Eliminating periods with continuous birth control may sound like a woman’s dream, but is it safe?

Side Effects

So far, there's not enough data to declare menstrual suppression safe, the group says. It calls for greater research into the health effects of menstrual suppression, including effects on bone health, risks for blood clots and strokes, and effects on fertility, among other issues.

Prior worries, too, that continuous oral contraceptive use could increase risk of breast cancer. "My impression as somebody who cares about normal physiology is that the breasts need a break from hormones each month. That's why during menstrual flow, estrogen and progesterone levels are low." With continuous hormones, "the breasts never get a break.

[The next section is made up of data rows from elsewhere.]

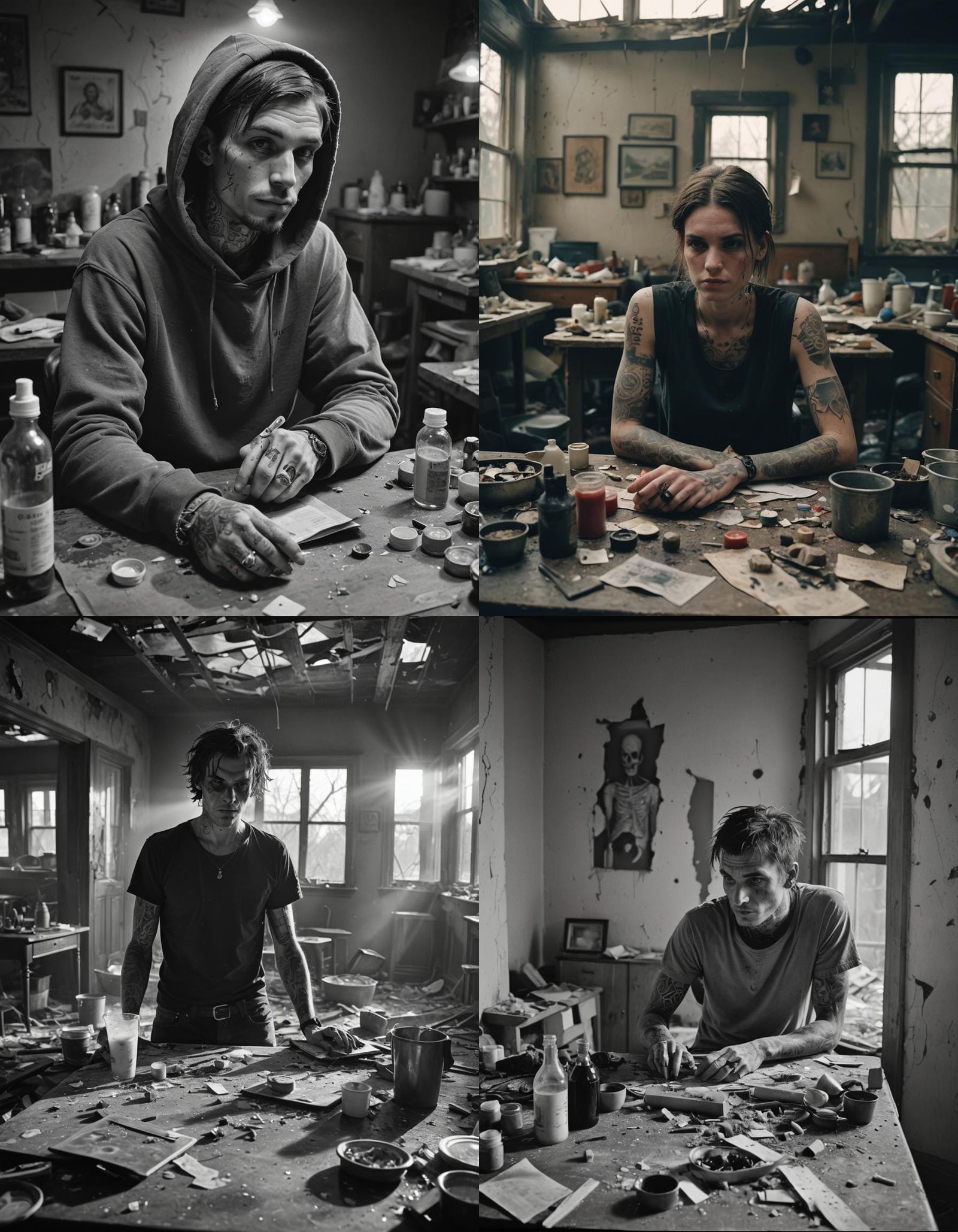Black and White Image of Addict in Destroyed House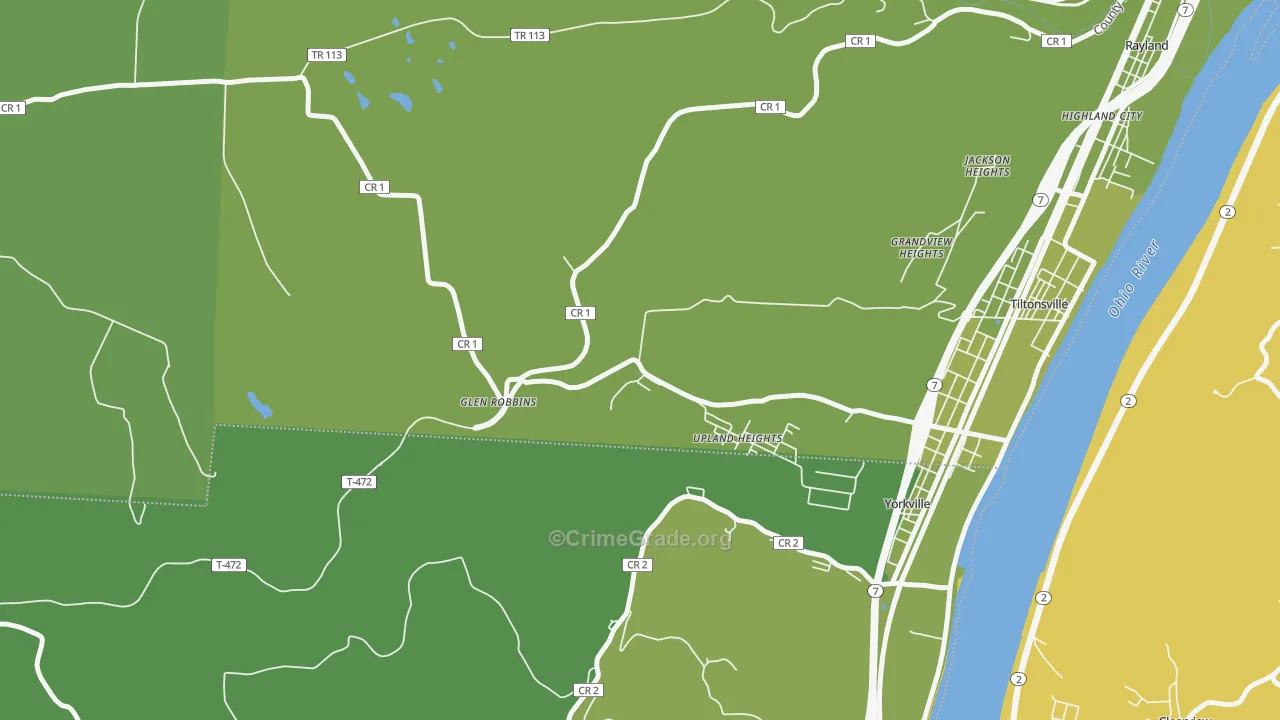 Glen Robbins, OH Map of Vehicle Theft Rates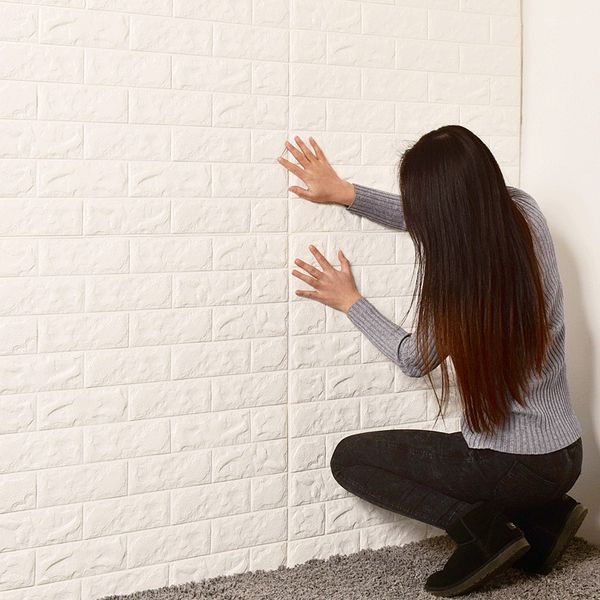 

70*77cm 3d brick wall stickers wallpaper decor foam waterproof wall covering wallpaper for kids living room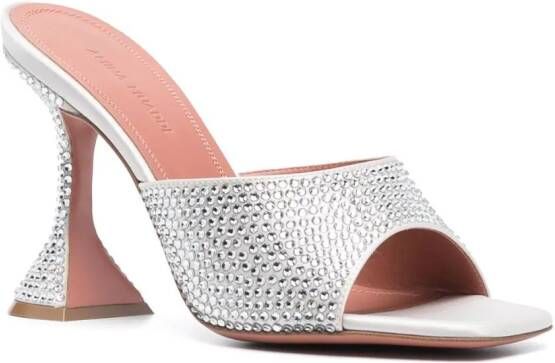 Amina Muaddi Lupita 95 crystal mules Silver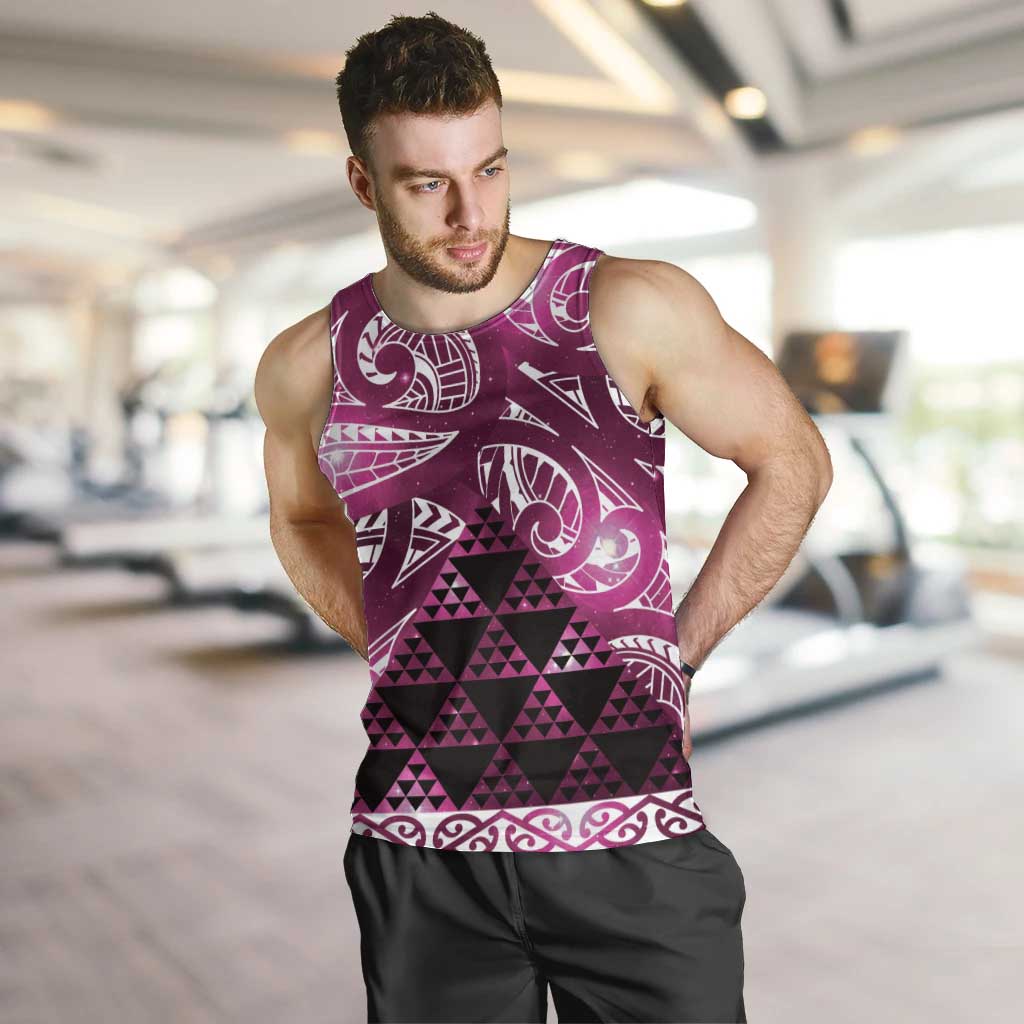 Matariki New Zealand Men Tank Top NZ Niho Taniwha Maori New Year Pink Galaxy LT14 Pink - Polynesian Pride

"I think that there are acceptable side effects of hormonal contraception," she says. For example, a woman may be willing to accept increased risk of blood clots as a trade-off for preventing pregnancy. "But if you're going to use this not as a contraceptive, but as a lifestyle thing -- as something just because 'I want to get rid of my period' -- then you have to look at the risks in a totally different light."

How to Talk With Your Doctor

Opting out of periods is so new that doctors have no consensus on how many years a woman should go through normal menstruation before she tries menstrual suppression. Nor are there any age guidelines.

But here are some pointers to help women and their doctors to decide:

Effectiveness. Menstrual suppression isn't a sure bet, Miller says. "It doesn't always work. Irregular bleeding is very common, especially in the first three to six months, and that's a hard thing to go through. A lot of women don't get those four perfect periods."

By six months, 70% of women on extended birth control will have no more bleeding, she says. By one year, the figure rises to 90%. Still, researchers are trying to figure out how to reduce irregular bleeding. Women who don't want to deal with surprise bleeding may want to avoid the new drugs, Miller says.

Age. Which groups should avoid extended or continuous birth control? What about adolescents? "That's a hard thing," Miller says. While no age guidelines exist, Miller says that women aged 18-22 might be the youngest age group that she would recommend for prescriptions.